Notice how there is no accountability, it is some other ‘force’ or event which has caused the aberrant behaviour. The Mid Range Narcissist also deflects from what they have done by making it all about them in terms of them being a tortured soul, needing help, needing the support of the victim. This apparent contrition not only regularly cons the victim (because it is not genuine but is just a further manipulation) but it also results in plenty of fuel for the Mid Range Narcissist as he is “fussed” over by the victim and third parties.

The bottom line with the Mid Range Narcissist is that they will never accept they are an abuser. They are not programmed to do that as they have no emotional empathy. They might understand how their conduct is considered as ‘wrong’ by you and other people, because of their increased cognitive function but their disorder will not allow them to accept accountability for it. If they did, they would lose control and lose fuel and therefore they are automatically conditioned to reject any suggestion of culpability or accountability for the abuse.

The victim will be suckered into thinking either it is their fault (they over-reacted, they have been getting on the Mid Ranger’s back more recently (yes, with justification but they are dissuaded from seeing it that way) or that the Mid Ranger recognises and accepts they have abused the victim. Typically, rather than get away having (apparently) secured the truth (as a truth seeker) the victim stays in the hope of securing the healing of the abuser which they long for (alongside all of the other reasons why a victim remains with an abusive narcissist).

The Mid Ranger will maintain the façade that he or she is a good person, blame-shift and then if necessary created waves of sympathy for their behaviour whilst still not accepting they are to blame for it.

The Greater Narcissist knows the behaviour is abusive and sees it as entirely necessary to the fulfilment of his or her aims, namely control, and The Prime Aims.

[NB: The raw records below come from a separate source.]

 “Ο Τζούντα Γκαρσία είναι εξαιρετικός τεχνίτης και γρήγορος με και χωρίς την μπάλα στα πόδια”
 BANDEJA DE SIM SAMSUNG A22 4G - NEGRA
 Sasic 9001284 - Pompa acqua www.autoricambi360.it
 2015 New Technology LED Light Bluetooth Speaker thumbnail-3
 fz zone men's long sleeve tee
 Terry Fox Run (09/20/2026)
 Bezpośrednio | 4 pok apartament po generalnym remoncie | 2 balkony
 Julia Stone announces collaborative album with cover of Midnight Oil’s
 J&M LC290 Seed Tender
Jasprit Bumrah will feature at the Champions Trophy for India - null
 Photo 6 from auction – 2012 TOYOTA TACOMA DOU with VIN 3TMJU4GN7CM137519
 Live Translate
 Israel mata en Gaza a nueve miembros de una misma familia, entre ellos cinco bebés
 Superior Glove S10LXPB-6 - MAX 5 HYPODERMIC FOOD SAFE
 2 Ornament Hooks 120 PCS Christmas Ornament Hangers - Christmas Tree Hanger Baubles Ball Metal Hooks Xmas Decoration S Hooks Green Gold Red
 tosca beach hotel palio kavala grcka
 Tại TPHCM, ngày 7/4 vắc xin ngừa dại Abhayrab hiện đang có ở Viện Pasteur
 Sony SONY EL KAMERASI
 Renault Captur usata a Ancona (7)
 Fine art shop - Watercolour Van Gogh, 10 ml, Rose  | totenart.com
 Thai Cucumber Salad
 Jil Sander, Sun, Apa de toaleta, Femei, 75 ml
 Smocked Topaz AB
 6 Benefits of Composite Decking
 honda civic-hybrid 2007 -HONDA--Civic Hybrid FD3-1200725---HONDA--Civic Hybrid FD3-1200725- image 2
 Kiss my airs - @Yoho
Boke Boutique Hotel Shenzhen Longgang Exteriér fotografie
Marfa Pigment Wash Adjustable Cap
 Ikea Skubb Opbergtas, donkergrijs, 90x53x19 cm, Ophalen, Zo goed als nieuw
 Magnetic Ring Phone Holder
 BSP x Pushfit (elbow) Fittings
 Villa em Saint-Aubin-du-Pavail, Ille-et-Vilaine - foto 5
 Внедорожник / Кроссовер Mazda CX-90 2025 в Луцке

The Greater Narcissist also lacking emotional empathy, guilt or remorse sees what they do as a function. The Greater Narcissist knows what they are doing but the overriding need for control and superiority means that it is entirely acceptable to abuse.

Of course, the aware Greater Narcissist recognises that to make such an admission to the victim is a foolish one as this would cede control to the victim, something which must not happen. The Greater Narcissist adopts a triumvirate approach to any allegation that he or she is an abuser

  1. Total Rejection.
  2. Misperception.
  3. Threat

Through Total Rejection, the Greater Narcissist will just dismiss the allegation. Able to control his or her ignited fury with a far greater degree of control, the glacial Greater will just wave a hand and tell the victim

“That’s not abuse, punching somebody is abusive, what I did, is not abuse.”

“Don’t be so silly, I do not abuse you. Does an abuser take someone to the premiere of the new Bond movie and the after performance party? No they do not.”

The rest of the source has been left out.